Pour Arnaud Montebourg, l'affaire est bonne. Depuis sa création, son ministère communique en terme d'emplois «sauvés». Un emploi étant «sauvé» lorsqu'un patron menace de fermer une entreprise, et qu'une issue est trouvée dans laquelle des emplois sont préservés. Et ce, quel que soit le degré d'intervention du ministère (voir notre article).
Une rhétorique dont peut s'amuser Maurice Taylor sur la radio Europe 1: «C'est un gentil garçon, explique-t-il, à propos d'Arnaud Montebourg. Il veut sauver des centaines d'emplois dans cette usine de pneus».
Depuis la semaine dernière, le ministre est donc chargé de convaincre la CGT de mettre fin à son mitraillage judiciaire (voir notre article) et d'accepter la nouvelle offre de Titan. La situation n'a pas avancée d'un iota depuis 2011. Seule différence, ce n'est plus Goodyear qui se porte caution pour Titan, mais le gouvernement lui-même.
Inévitable incertitude
Derrière la communication de Titan et du gouvernement, quels sont les faits tangibles auxquels on peut se fier?
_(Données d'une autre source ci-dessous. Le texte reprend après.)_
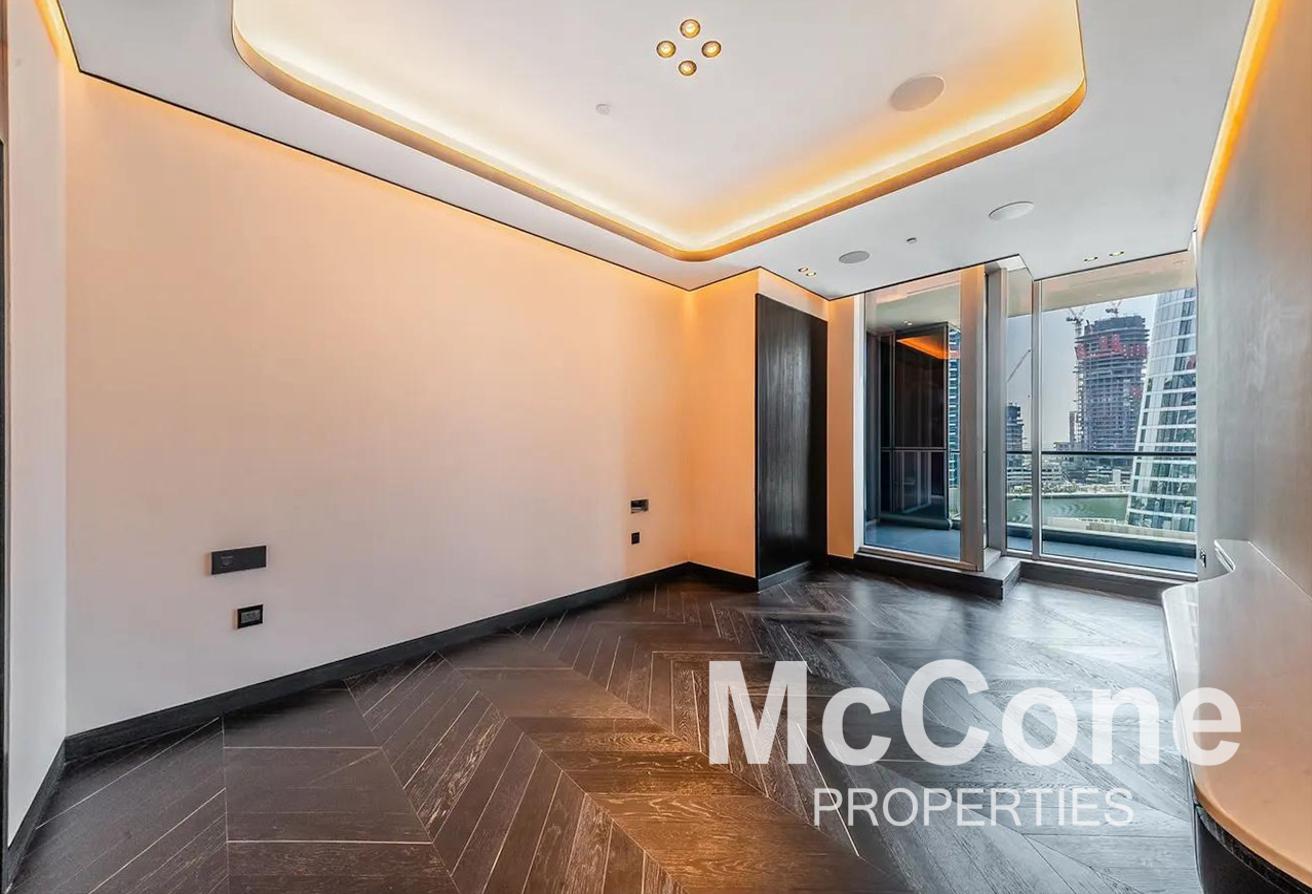 Spacious | 12 Cheques | Pagani Design | Corner photo 19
Depuis presque dix ans, l'entreprise Goodyear se désengage effectivement de la production de pneus de tracteurs dans le monde entier pour se concentrer sur les pneus de voiture.
Goodyear souhaite céder ses usines et ses distributeurs à des acteurs spécialisés comme Titan, qui fabriqueront des pneus Goodyear en lui reversant des royalties. Cette opération a déjà été réalisée en Amérique du nord en 2005 pour 100 millions de dollars et en Amérique du sud en 2011 pour 99 millions de dollars.
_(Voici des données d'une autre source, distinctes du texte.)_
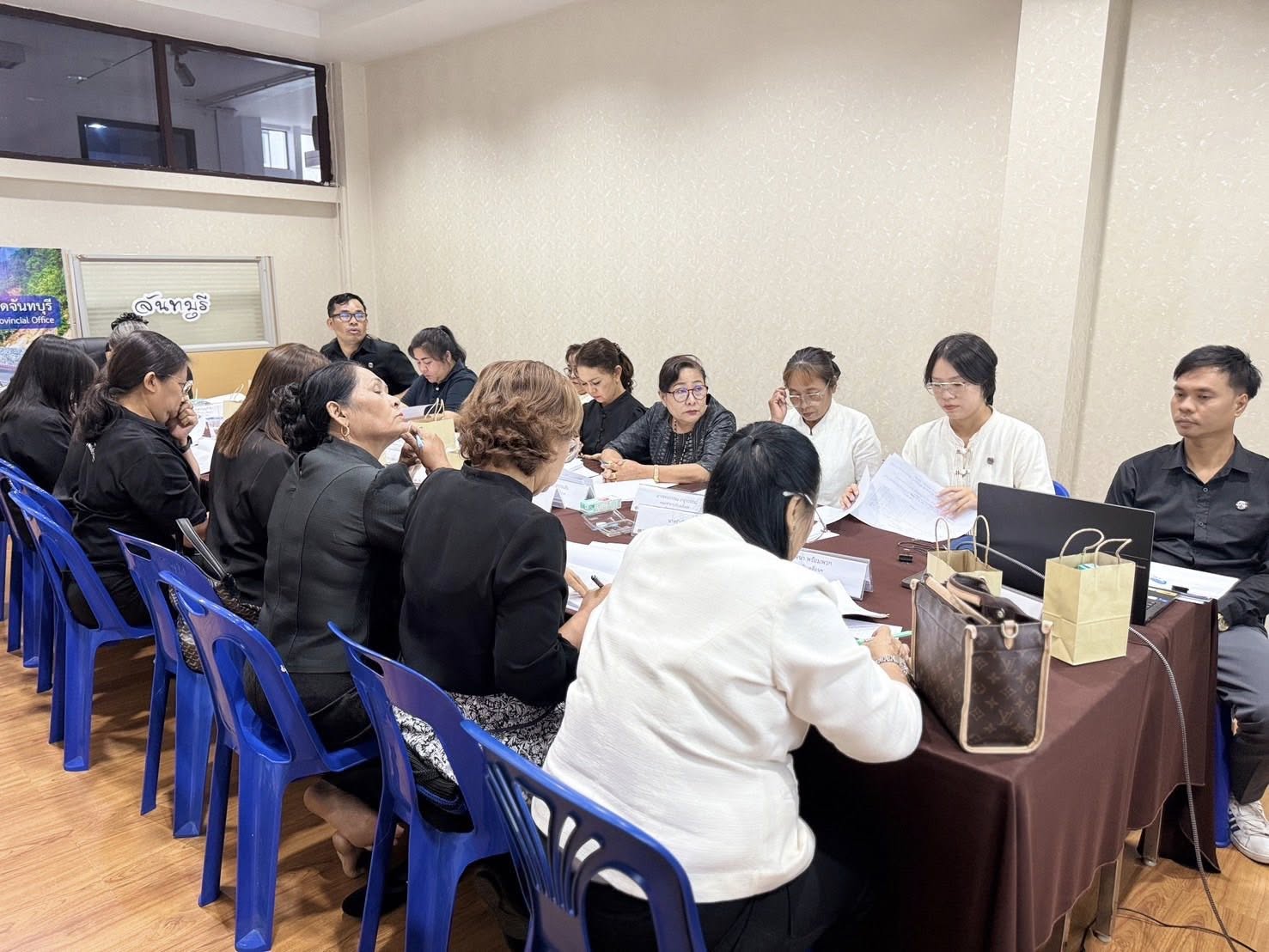 พช.สอยดาว ร่วมประชุมคณะทำงานขับเคลื่อนกองทุนพัฒนาบทบาทสตรีจังหวัดจันทบุรี ครั้งที่ 3/2569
On sait aussi que sur son cœur de métier, les pneus de voitures, Goodyear ferme ses usines de production les moins rentables en Europe de l'ouest, les unes après les autres. Certaines usines n'ont pas tenu aussi longtemps qu'Amiens nord. L'usine de Cisterna di Latina au nord de l'Italie et ses 900 employés a fermé en 2000. Celle de Washington, au nord-est de l'Angleterre est tombée en 2006.
Goodyear n'est d'ailleurs pas le seul opérateur dans ce cas. Les Japonais de Bridgestone ont annoncé qu'ils souhaitent fermer leur usine italienne de Bari en mai dernier.
Goodyear peut fermer ces usines d'Europe de l'ouest parce qu'elle a investi en Europe de l'est dans les années 90. Le groupe a repris l'usine polonaise de Debiça en Pologne en 1995 profitant d'une politique de privatisation du gouvernement, puis l'entreprise slovénienne Sava à partir de 1997.
Quelle serait la stratégie de Titan s'il s'implantait en Europe? «Votre ministre m'a demandé : vous allez investir ? Est-ce que vous allez embaucher, créer un certain nombre d'emplois ?, expliquait Maurice Taylor au micro d'Europe 1, vendredi dernier. Et j'ai dit : aucun problème ! Ceux qui me connaissent savent qu'une fois qu'on a topé tous les deux, je tiendrai ma parole».
Reste à savoir ce que vaut la parole d'un grizzly.